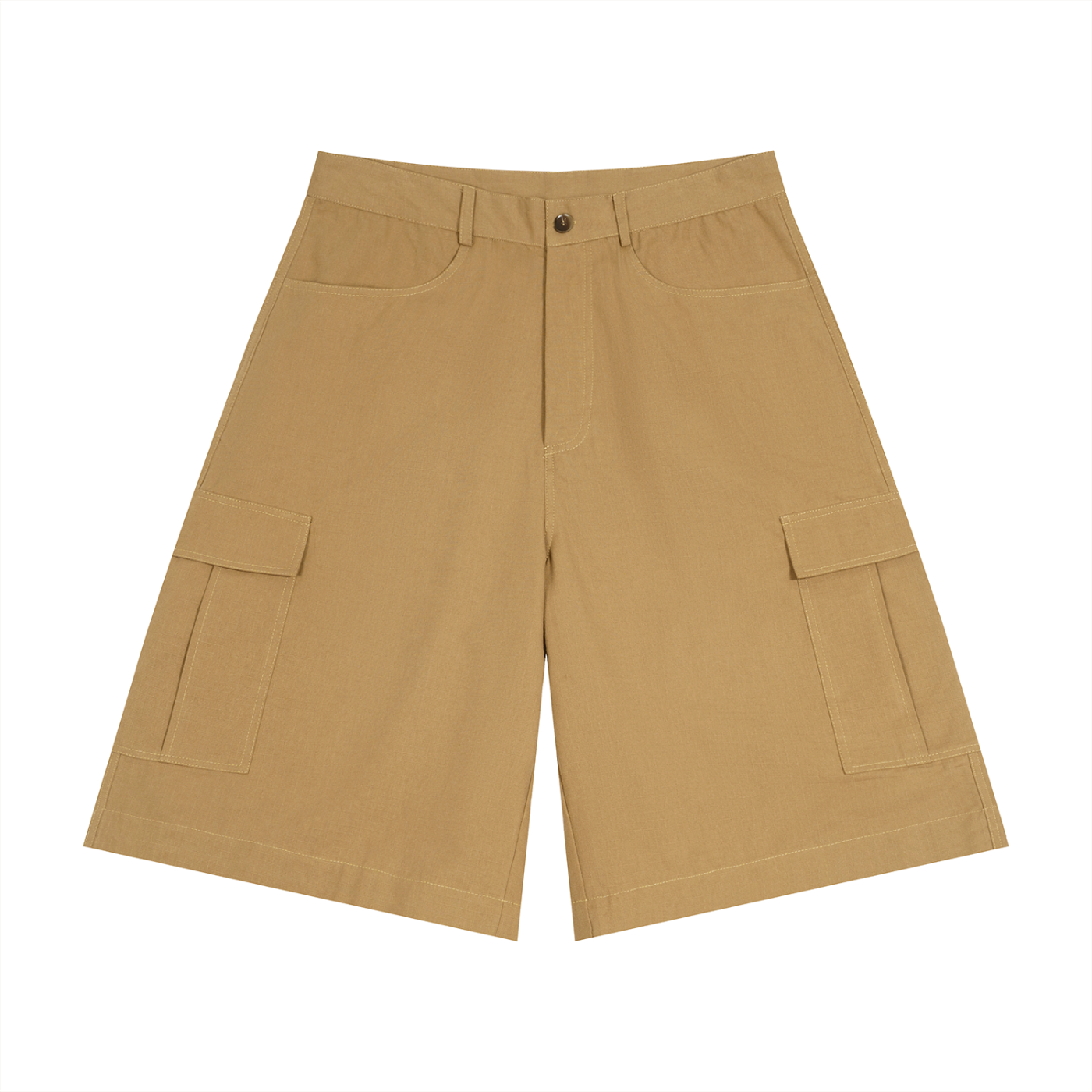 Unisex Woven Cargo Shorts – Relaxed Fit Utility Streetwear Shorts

--

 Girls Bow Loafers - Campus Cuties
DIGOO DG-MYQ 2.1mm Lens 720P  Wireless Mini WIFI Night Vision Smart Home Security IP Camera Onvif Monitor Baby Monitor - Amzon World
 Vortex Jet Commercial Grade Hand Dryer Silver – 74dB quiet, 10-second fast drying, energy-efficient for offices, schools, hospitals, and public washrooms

---

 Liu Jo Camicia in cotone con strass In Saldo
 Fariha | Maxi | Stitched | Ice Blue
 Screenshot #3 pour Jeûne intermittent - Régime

**What you will do:**
Reproduce exactly, and only, the part of the listing above that begins at the line with "Liu Jo Camicia in cotone con strass In Saldo" and goes on through the line with "Screenshot #3 pour".

**Expected output:**
 Liu Jo Camicia in cotone con strass In Saldo
 Fariha | Maxi | Stitched | Ice Blue
 Screenshot #3 pour Jeûne intermittent - Régime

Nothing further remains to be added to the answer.